**SUPPLIED RECORDS:**
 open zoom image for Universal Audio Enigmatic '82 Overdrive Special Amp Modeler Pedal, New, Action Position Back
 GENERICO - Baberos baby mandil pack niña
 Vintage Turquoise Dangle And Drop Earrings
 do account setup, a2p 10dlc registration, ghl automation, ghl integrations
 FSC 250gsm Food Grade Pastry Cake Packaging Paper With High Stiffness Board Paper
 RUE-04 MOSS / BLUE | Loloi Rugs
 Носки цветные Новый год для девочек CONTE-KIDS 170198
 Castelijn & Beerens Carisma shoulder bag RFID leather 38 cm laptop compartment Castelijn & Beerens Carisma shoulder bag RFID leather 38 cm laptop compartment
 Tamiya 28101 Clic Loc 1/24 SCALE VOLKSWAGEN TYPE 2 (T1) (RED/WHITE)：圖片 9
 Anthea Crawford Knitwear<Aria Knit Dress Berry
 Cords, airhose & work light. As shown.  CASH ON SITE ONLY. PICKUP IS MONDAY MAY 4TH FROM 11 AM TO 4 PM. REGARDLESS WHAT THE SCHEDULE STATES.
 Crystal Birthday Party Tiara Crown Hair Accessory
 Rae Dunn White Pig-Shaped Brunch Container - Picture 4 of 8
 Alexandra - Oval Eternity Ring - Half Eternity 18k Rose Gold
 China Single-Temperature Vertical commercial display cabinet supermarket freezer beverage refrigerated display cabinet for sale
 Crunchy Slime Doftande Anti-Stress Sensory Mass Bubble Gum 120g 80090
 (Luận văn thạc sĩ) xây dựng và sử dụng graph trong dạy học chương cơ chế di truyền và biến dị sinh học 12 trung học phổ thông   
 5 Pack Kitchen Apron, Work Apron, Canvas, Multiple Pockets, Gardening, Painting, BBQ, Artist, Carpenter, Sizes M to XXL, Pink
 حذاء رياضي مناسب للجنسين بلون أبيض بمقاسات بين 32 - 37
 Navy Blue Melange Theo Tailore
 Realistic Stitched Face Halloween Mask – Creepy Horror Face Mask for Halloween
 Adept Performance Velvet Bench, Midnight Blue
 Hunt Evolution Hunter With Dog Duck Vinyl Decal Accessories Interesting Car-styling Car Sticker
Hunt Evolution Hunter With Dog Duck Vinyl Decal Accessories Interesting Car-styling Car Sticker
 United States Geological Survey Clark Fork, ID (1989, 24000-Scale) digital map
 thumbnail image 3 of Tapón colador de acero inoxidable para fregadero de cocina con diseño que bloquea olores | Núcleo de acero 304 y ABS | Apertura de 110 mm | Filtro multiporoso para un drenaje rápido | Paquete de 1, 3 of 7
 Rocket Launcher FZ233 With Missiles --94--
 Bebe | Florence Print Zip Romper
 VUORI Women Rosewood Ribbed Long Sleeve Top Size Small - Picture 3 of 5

**WHAT THE TASK REQUIRES:**
Copy out every line of the material above that mentions the word "With".

**RESPONSE TO THIS EXERCISE:**
 FSC 250gsm Food Grade Pastry Cake Packaging Paper With High Stiffness Board Paper
 Hunt Evolution Hunter With Dog Duck Vinyl Decal Accessories Interesting Car-styling Car Sticker
Hunt Evolution Hunter With Dog Duck Vinyl Decal Accessories Interesting Car-styling Car Sticker
 Rocket Launcher FZ233 With Missiles --94--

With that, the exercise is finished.